The elderly couple guided him back to the cavern entrance, took him through the sound baffles, helped him maneuver through the dancing crowds in the outer club. At the steel double door entrance to the club, the couple released him.
“You come right back when you’re feeling better,” the woman said. She smiled, and cracks widened in the caked make-up covering her face.
“We’ll be here another couple of nights,” said the old man. He patted Tony’s shoulder in an amiable, fatherly way. His breath was stale, like the air in a den abandoned by a predator. “Of course, you can always come along when the place moves. There’s always a need for help. Lots of turnover, you know.”
The couple looked to each other and laughed as they gently pushed him to the doors. Tony leaned against metal, felt it give, and found himself in a hallway under a single bright light bulb.
There was the taste of ash in his mouth as he made his way back to the loading docks. Exhaustion made him rest for a few moments on the stairs, but the faint echo of Painfreak’s dance music finally drove him on. He passed no one on his way out to the loading dock, where the rain had stopped and dawn had lightened the sky. The ground was still wet, the air humid. Tony glanced over his shoulder at the warehouse entrance. The two doormen returned his gaze. Behind them, Guy hung upside down, suspended by his feet on a length of chain, swinging back and forth like a clock pendulum.

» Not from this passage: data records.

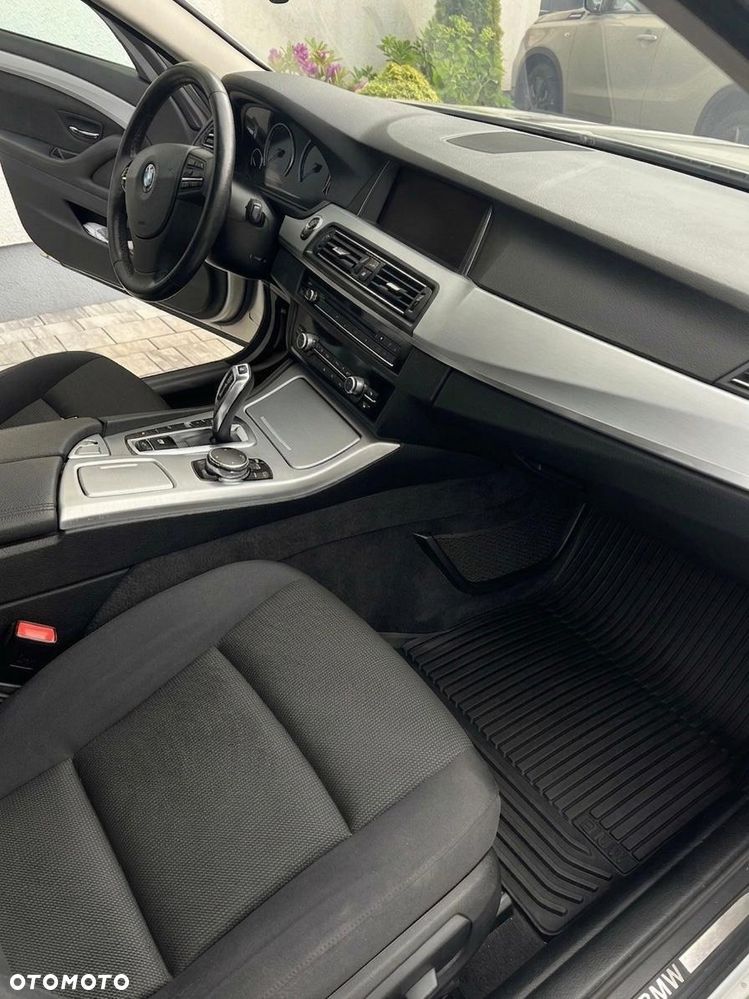 BMW Seria 5 - 6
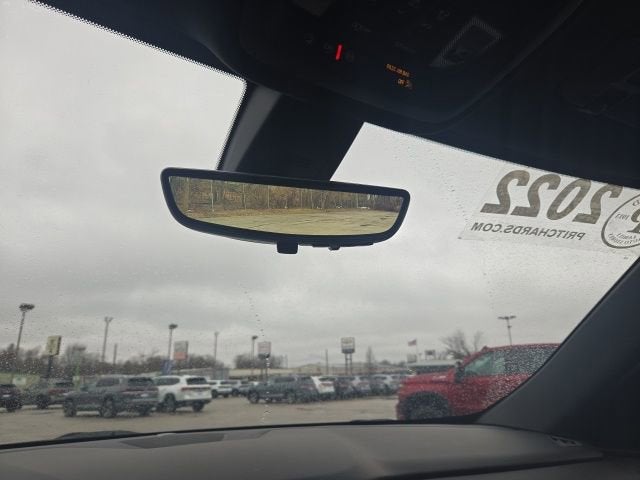 2022 Chevrolet Traverse Premier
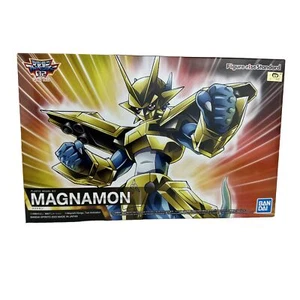 Magnamon Digimon Figure-rise Standard Amplified Model Kit BANDAI Japan UNUSED - Picture 1 of 9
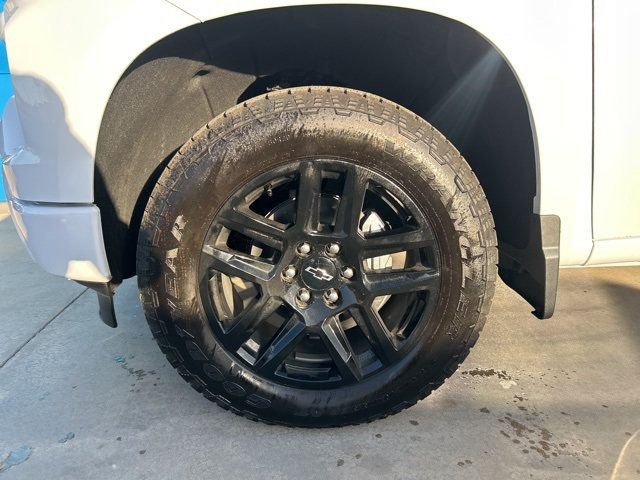 2026 Chevrolet Silverado 1500 4WD Crew Cab 147" RST - 22982525 - 19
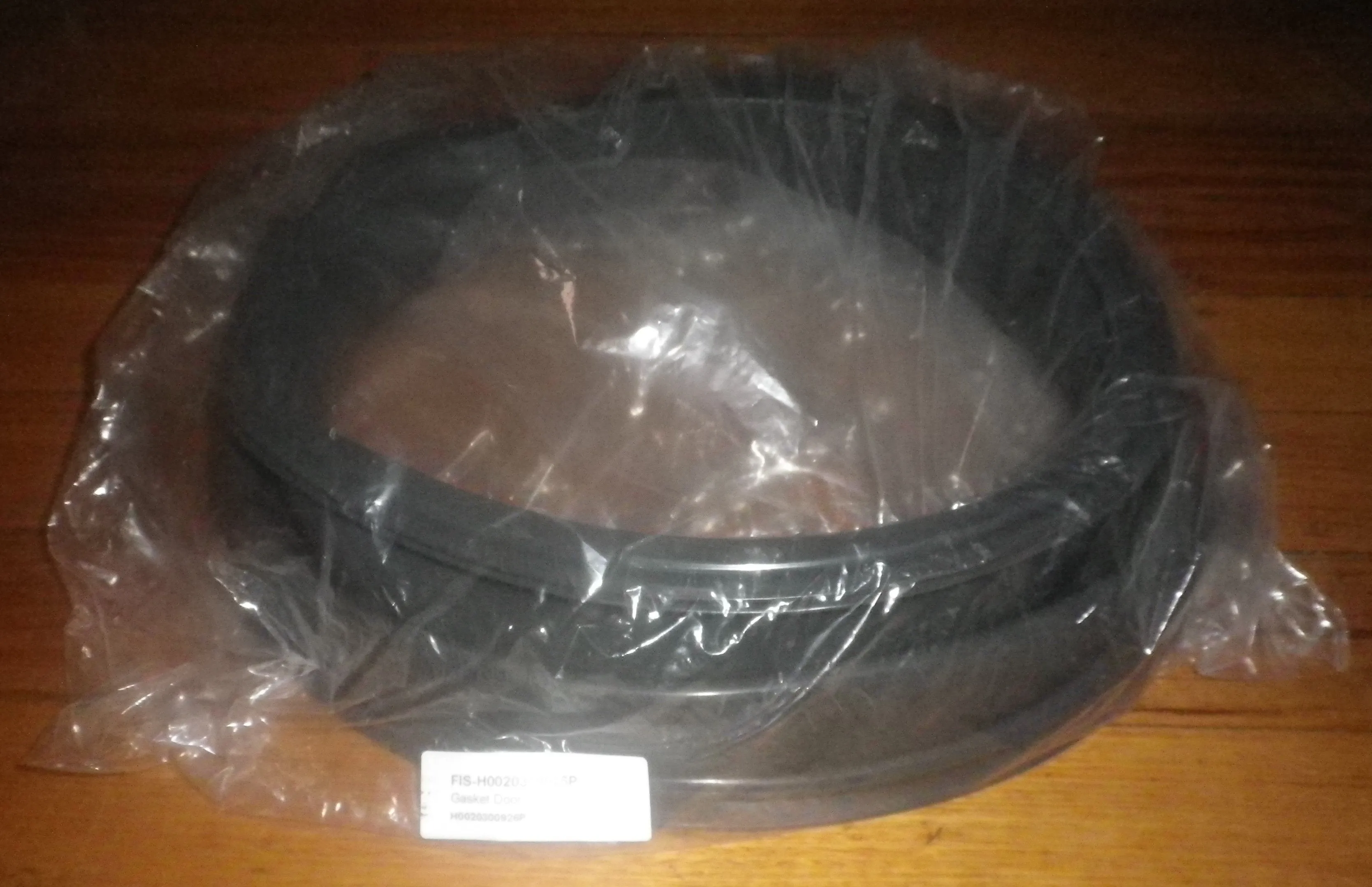 Haier HWF85AN1, HWF95AN1 Front Load Washer Door Gasket - Part # H0020300926P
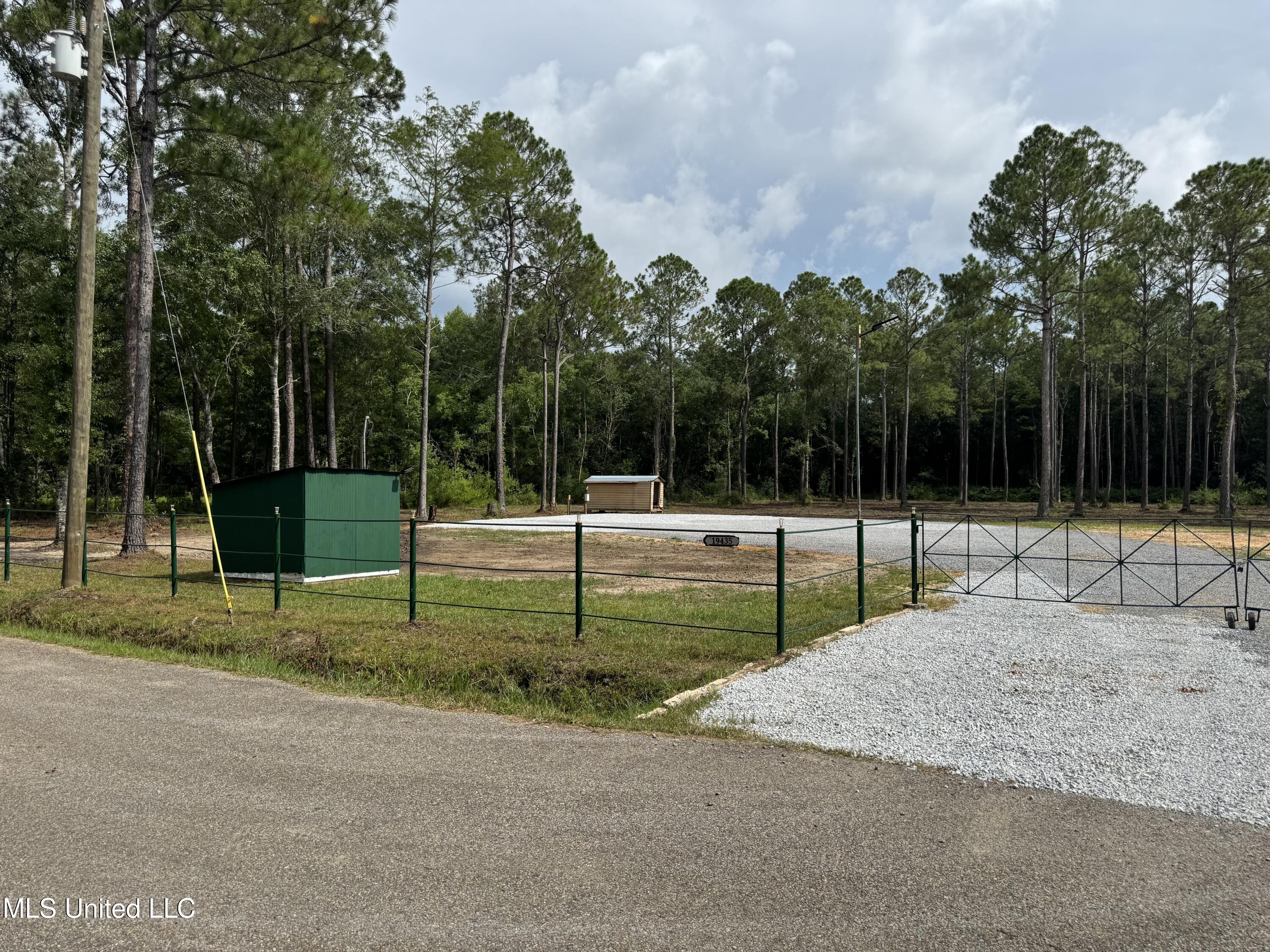 19435 Hartzell Road Long Beach, MS 39560 - Photo 1 of 8 Hartzell 5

“Do you feel it?” Guy asked, his voice pitched high, almost hysterical.
And in that moment, the emptiness within him opened up like a bottomless well. Tony felt himself standing by the well, leaning out over the edge, wind whistling by his ears. He licked his lips, searching for the taste of blood. His erection strained as if it wanted to break out of its confines and search for satisfaction.
“You want it?” Guy teased. “Tell me what that’s like, to want it. To want the nothingness. The extinction. Tell me first, what that emptiness is like. It’s so hard when you’re in it to understand. Tell me what the void is like, from the outside. Then tell me what it feels like to want it.”

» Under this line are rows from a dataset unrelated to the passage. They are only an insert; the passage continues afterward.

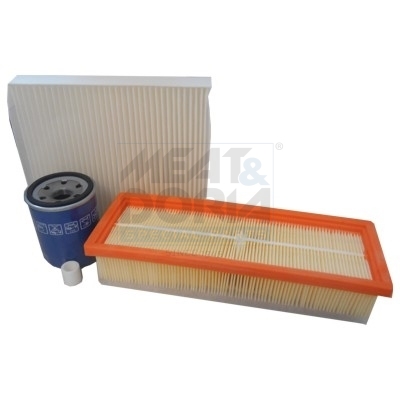 Meat Doria Filterset FKFIA188
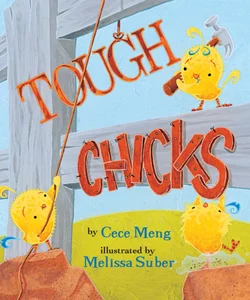 Tough Chicks Lap Board Book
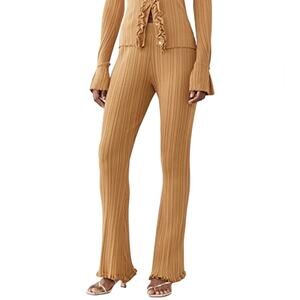 Holzweiler Dahlia Knit Pull On Trousers XS
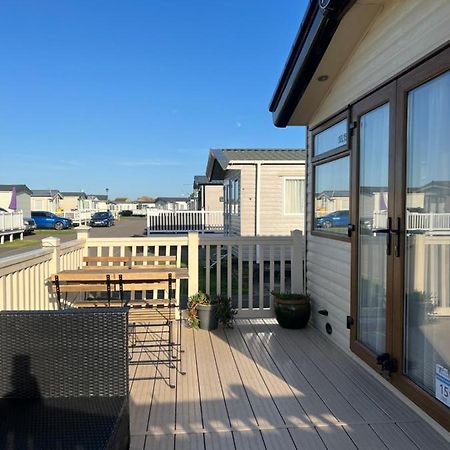 Camber Sands Seascape Horizon Decked Villa Dog Friendly Eksteriør billede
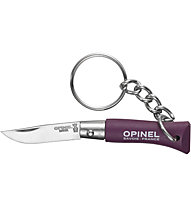 Opinel N°02 Keyring - Taschenmesser, Purple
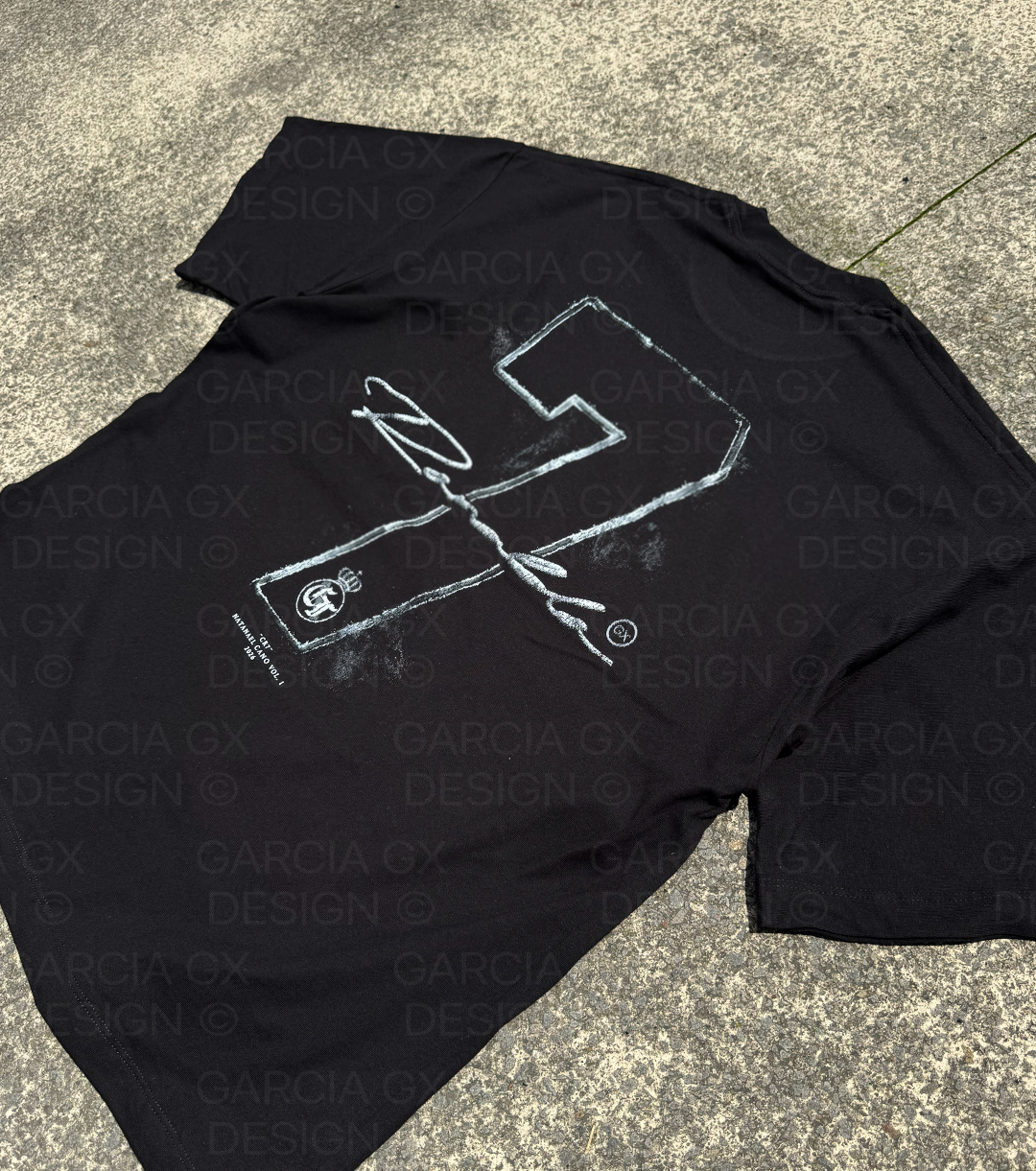 CR7 NATA TEE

“Tomorrow night,” Tony answered, his voice quavering. After you show me the games I’ll really like. After I become a player.

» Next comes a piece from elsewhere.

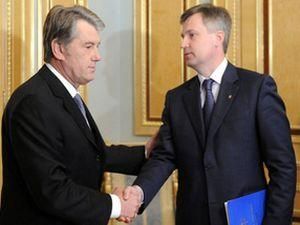 Наливайченко: У нас один лидер - Ющенко
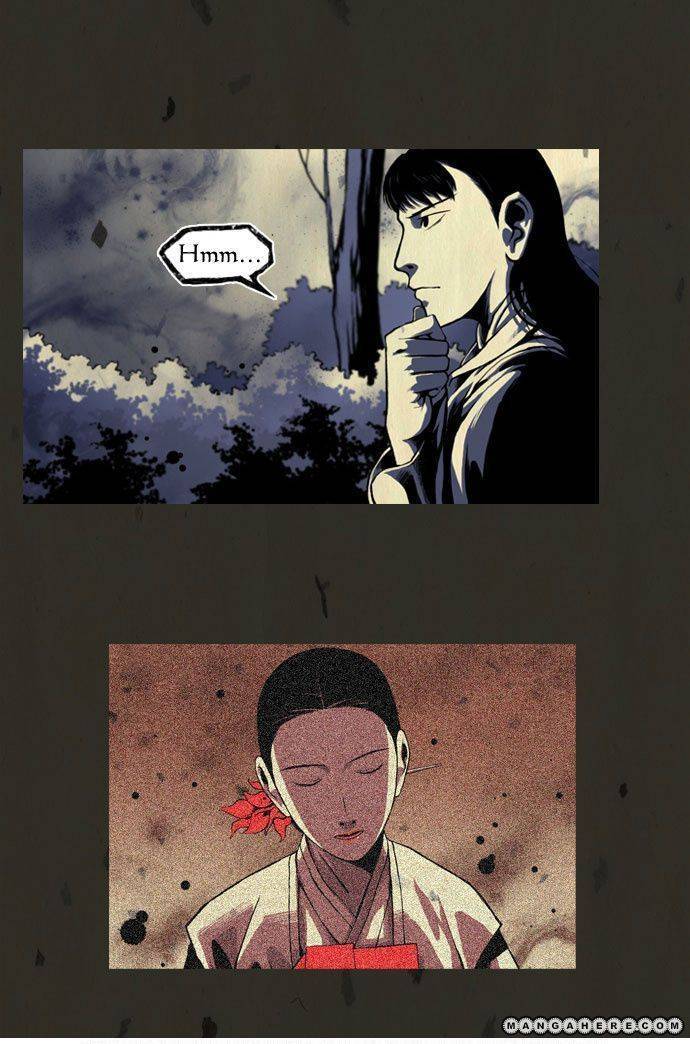 In Full Bloom (YON Jae-Won) Chapter 5 page 26 - Chapter 5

“Tomorrow night, sir,” the Asian doorman replied, with a slight bow. Guy was gone.
Tony went back to his car and drove home. He did not bother picking up his mail or answering his telephone messages. Though his fear was gone and he was tired, he still had trouble falling asleep. Excitement kept him up, until he began to relax as he gently stroked the back of his left hand with his thumb. Slowly, he fell asleep while caressing Painfreak’s invisible marks on his flesh.